Categorizing Crusoe Energy is not easy. The startup is a Bitcoin miner and data center operator. It’s a “high-performance” and “carbon-negative” cloud platform provider. It’s a darling of the clean tech world that’s raised nearly $750 million in funding. The company has historically powered its operations with natural gas, but its overall business model actually reduces emissions. Confused yet?
Here are the basics. The company was founded in 2018 to address the problem of natural gas flaring. Natural gas is a byproduct of oil extraction, and if oil field operators have no economical use case for the gas or are unable to transfer it elsewhere, it’s often simply burned. If you, like me, have spent time sourcing stock images of air pollution, you’ve probably seen the pictures of giant flames coming out of tall smokestacks near oil pump jacks and other drilling infrastructure. That’s what flaring natural gas looks like, and it is indeed terrible for the environment. That’s largely because the process fails to fully combust methane, which is the primary component of natural gas and 84 times more potent than carbon dioxide over a 20-year period.

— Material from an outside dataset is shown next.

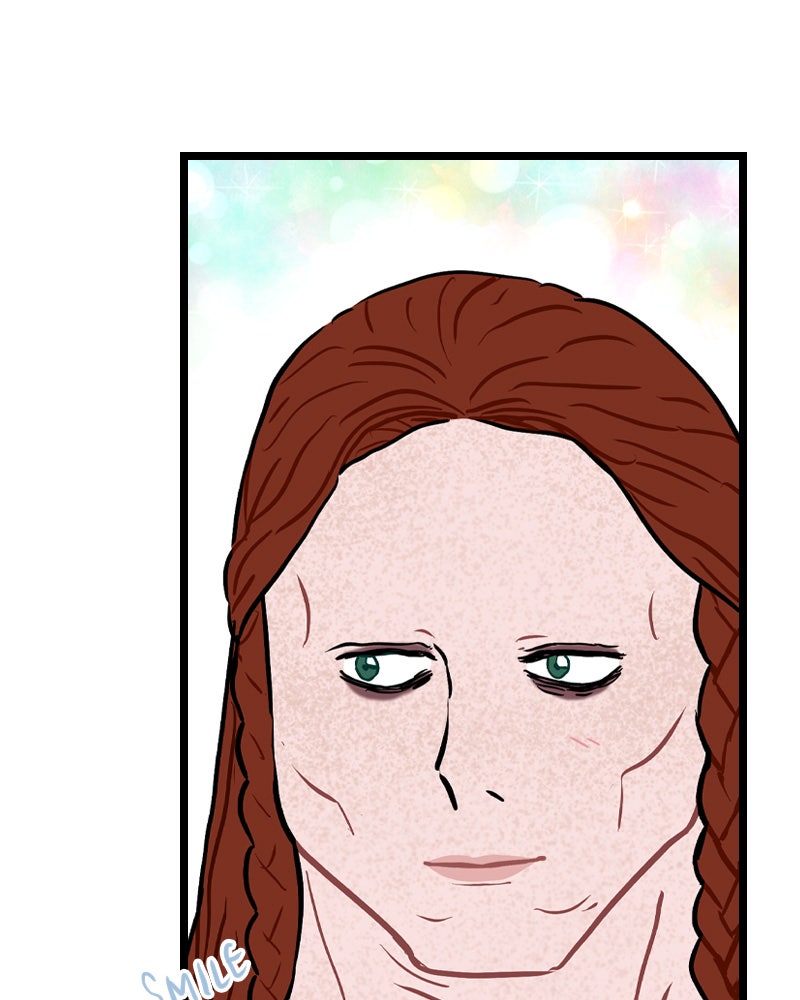 Snow and Briar Episode 51 page 25 -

That’s where Crusoe comes in. The company’s co-founder, president, and chief operating officer, Cully Cavness was working in the oil and gas industry when he realized that stranded natural gas could be harnessed to power Bitcoin-mining data centers if they were sited directly next to the oil field infrastructure. Burning natural gas for electricity production fully combusts methane, producing CO2 as a byproduct. Still bad, you might say! But it’s definitely not as bad as methane leaking into the atmosphere via flaring, the status quo where Crusoe operates.

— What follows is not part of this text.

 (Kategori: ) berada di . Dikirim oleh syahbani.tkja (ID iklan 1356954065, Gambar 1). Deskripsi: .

So regardless of what one might think of the utility of Bitcoin mining overall, “if you were to delete what we’re doing you would just have a big ball of fire and that would be worse,” Cavness told me.
Plus, it’s dirt cheap. “It is the lowest cost way to generate power that we’ve ever seen,” Cavness said, though he wouldn’t disclose exactly how much Crusoe pays the oil companies for their natural gas. “This is truly a waste product. I mean, there is no value being ascribed to it.”
According to Crusoe’s most recent ESG report, for every ton of CO2 equivalent that the company produced in 2022, it reduced over 1.6 tons through avoided methane emissions. And the opportunity for growth is enormous. “There is a huge amount of flared gas around the world,” Cavness said. “If you captured it all, it would power like two thirds of all of Europe’s electricity and it would power the entire data center industry many times over.”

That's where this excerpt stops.